- **BRIEF**
Look below for the line containing "Women's Halter Midi Dress | Full Skirt", then write out that line and every line after it to the end, exactly, minus the pictures.

- **EXTRACTED MATERIAL**
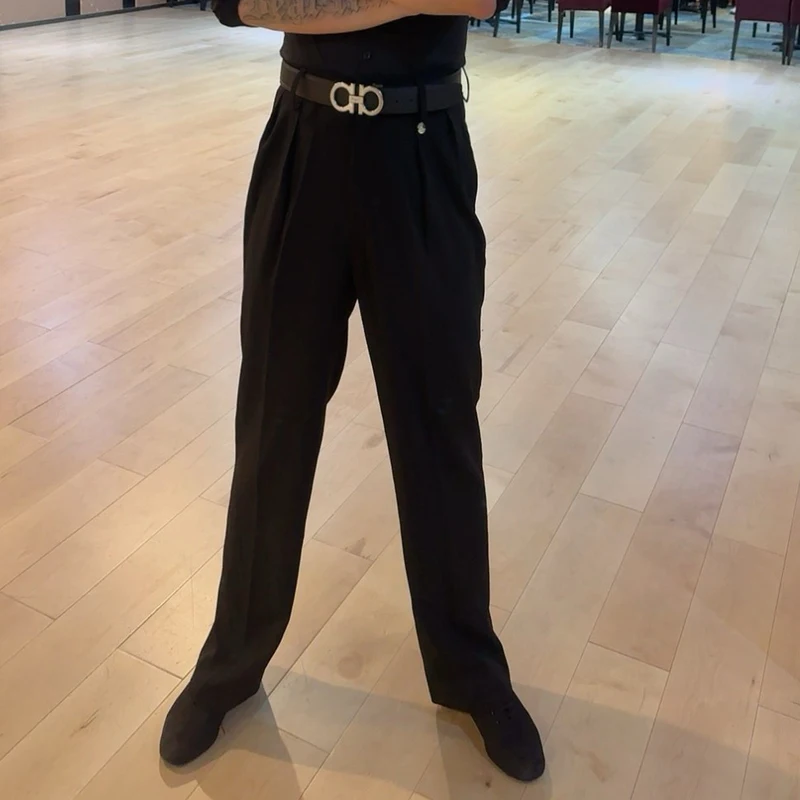 Men Latin Dance Pants Waltz Ballroom Dance Trousers Male High Waist Latin Dance Practice Pants Adults Performance Clothes 15059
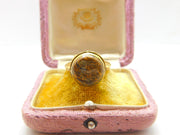 Arabic Yellow Metal & Carved Agate Deer Form Intaglio Ring Antique c1850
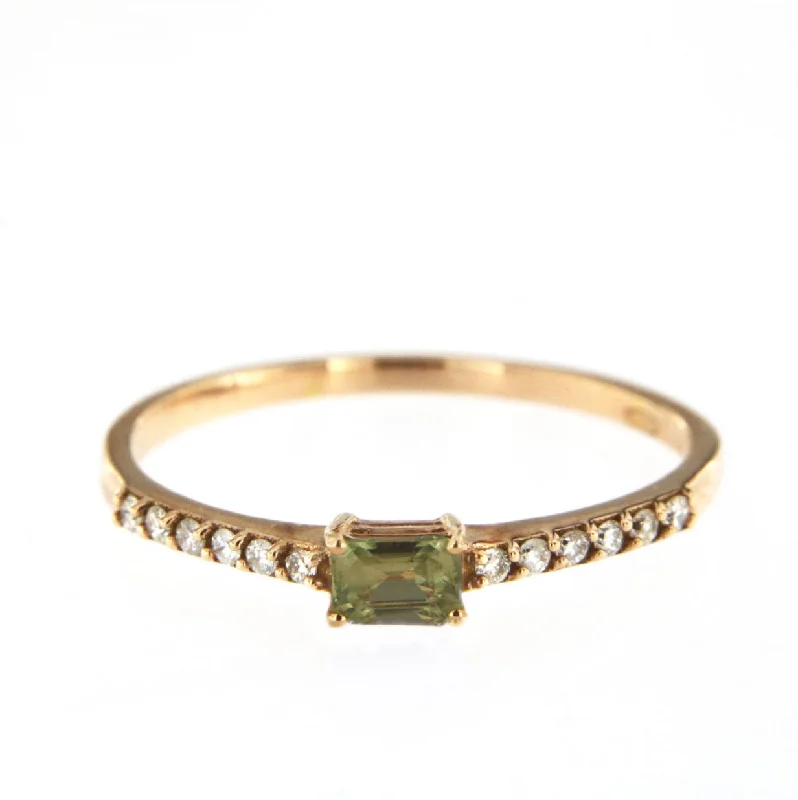 women’s heirloom rings-Candy 18K Rose Gold Ring w. Green Sapphire & Diamonds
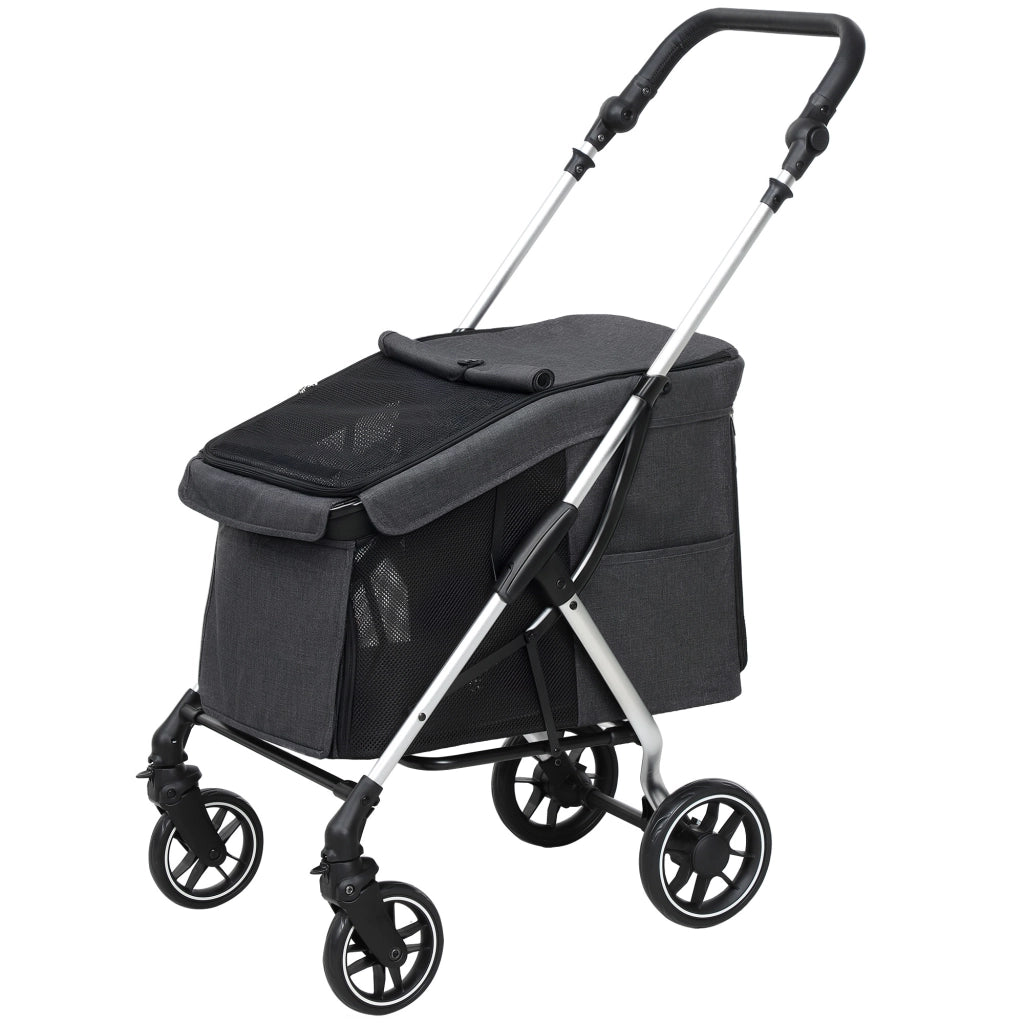Carrello per cani ¨C zephmum ¨C 4 ruote pieghevole cuscino lavabile grigio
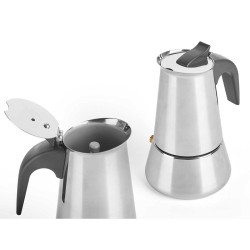 Cafetera Italiana Negro Plateado Acero 6 Tazas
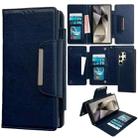 For Samsung Galaxy S24 Ultra 5G Multifunctional 7-Card Wallet Leather Phone Case(Royal Blue) - 1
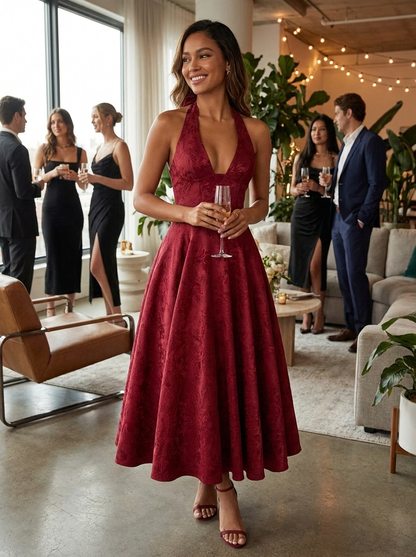Women's Halter Midi Dress | Full Skirt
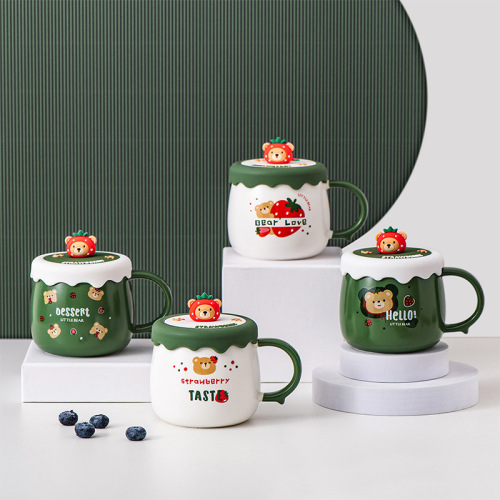 Strawberry Bear Ceramic Cup Cute Mug Student Water Cup Birthday Gift Friends Chinese Valentine's Day Creative Gift Drinking Cup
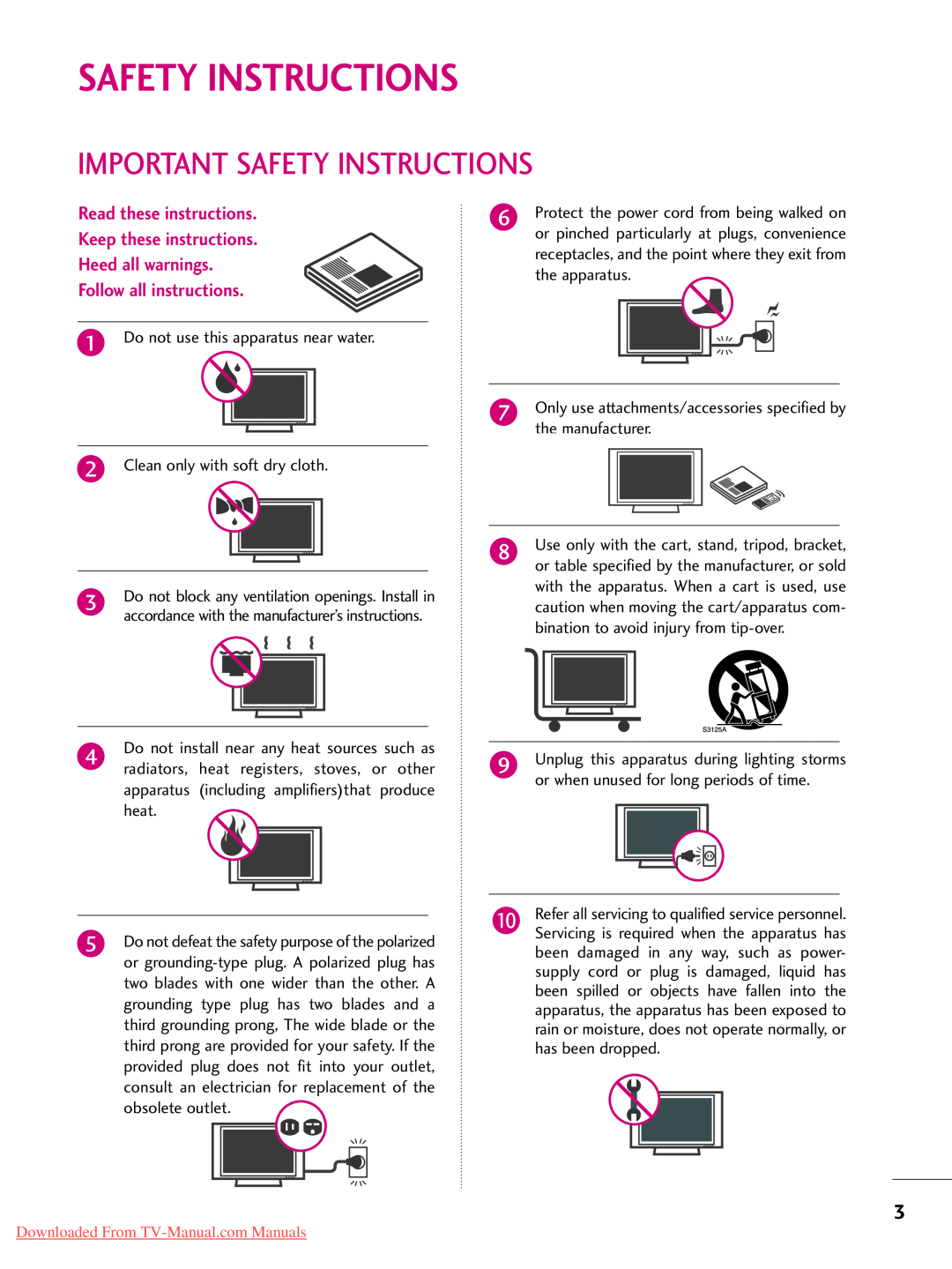 LG Electronics 42PJ250 Important Safety Instructions, Follow all instructions, Downloaded From TV-Manual.com Manuals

- **RESPONSE TO THE TASK**
Women's Halter Midi Dress | Full Skirt
 Strawberry Bear Ceramic Cup Cute Mug Student Water Cup Birthday Gift Friends Chinese Valentine's Day Creative Gift Drinking Cup
 LG Electronics 42PJ250 Important Safety Instructions, Follow all instructions, Downloaded From TV-Manual.com Manuals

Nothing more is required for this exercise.